What is expected: From the entries that follow, reproduce exactly and only the lines from the line with "In this tutorial" to the line with "Larger animals also", endpoints included.

[Stored dataset items]
━━━━
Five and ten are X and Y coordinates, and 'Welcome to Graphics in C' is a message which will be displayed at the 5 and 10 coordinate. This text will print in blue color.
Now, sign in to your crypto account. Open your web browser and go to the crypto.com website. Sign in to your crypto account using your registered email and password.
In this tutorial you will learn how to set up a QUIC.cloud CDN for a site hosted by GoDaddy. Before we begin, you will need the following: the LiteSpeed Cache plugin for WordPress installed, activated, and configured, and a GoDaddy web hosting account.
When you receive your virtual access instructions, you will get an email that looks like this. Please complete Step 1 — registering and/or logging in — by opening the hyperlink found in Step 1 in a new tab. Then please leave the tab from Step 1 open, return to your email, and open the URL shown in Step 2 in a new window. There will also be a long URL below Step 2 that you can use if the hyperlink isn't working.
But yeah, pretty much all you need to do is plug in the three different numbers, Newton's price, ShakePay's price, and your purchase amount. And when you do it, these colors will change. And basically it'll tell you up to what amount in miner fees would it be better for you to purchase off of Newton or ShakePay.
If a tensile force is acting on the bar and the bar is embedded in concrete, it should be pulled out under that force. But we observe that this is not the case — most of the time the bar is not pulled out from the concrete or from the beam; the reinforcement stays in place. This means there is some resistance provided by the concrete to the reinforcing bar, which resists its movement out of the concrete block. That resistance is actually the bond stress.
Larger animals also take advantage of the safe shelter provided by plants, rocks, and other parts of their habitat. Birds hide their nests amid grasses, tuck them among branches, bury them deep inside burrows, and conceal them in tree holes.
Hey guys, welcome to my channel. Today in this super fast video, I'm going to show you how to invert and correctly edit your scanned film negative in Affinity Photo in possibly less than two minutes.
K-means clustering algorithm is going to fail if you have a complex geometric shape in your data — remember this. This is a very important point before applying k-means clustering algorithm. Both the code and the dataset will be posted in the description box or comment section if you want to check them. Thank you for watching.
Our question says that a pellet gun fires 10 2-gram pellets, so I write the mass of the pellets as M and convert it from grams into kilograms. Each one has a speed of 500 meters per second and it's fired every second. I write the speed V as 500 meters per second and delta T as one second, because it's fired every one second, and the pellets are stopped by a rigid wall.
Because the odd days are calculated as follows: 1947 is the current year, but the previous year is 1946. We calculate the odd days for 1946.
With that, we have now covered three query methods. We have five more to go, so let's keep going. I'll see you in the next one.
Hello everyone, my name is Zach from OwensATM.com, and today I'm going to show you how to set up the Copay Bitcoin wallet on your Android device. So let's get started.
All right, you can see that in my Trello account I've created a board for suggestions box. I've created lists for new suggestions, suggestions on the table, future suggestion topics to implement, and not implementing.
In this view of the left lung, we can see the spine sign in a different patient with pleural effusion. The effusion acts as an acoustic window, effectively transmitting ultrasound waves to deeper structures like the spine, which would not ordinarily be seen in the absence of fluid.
━━━━
Solution:
In this tutorial you will learn how to set up a QUIC.cloud CDN for a site hosted by GoDaddy. Before we begin, you will need the following: the LiteSpeed Cache plugin for WordPress installed, activated, and configured, and a GoDaddy web hosting account.
When you receive your virtual access instructions, you will get an email that looks like this. Please complete Step 1 — registering and/or logging in — by opening the hyperlink found in Step 1 in a new tab. Then please leave the tab from Step 1 open, return to your email, and open the URL shown in Step 2 in a new window. There will also be a long URL below Step 2 that you can use if the hyperlink isn't working.
But yeah, pretty much all you need to do is plug in the three different numbers, Newton's price, ShakePay's price, and your purchase amount. And when you do it, these colors will change. And basically it'll tell you up to what amount in miner fees would it be better for you to purchase off of Newton or ShakePay.
If a tensile force is acting on the bar and the bar is embedded in concrete, it should be pulled out under that force. But we observe that this is not the case — most of the time the bar is not pulled out from the concrete or from the beam; the reinforcement stays in place. This means there is some resistance provided by the concrete to the reinforcing bar, which resists its movement out of the concrete block. That resistance is actually the bond stress.
Larger animals also take advantage of the safe shelter provided by plants, rocks, and other parts of their habitat. Birds hide their nests amid grasses, tuck them among branches, bury them deep inside burrows, and conceal them in tree holes.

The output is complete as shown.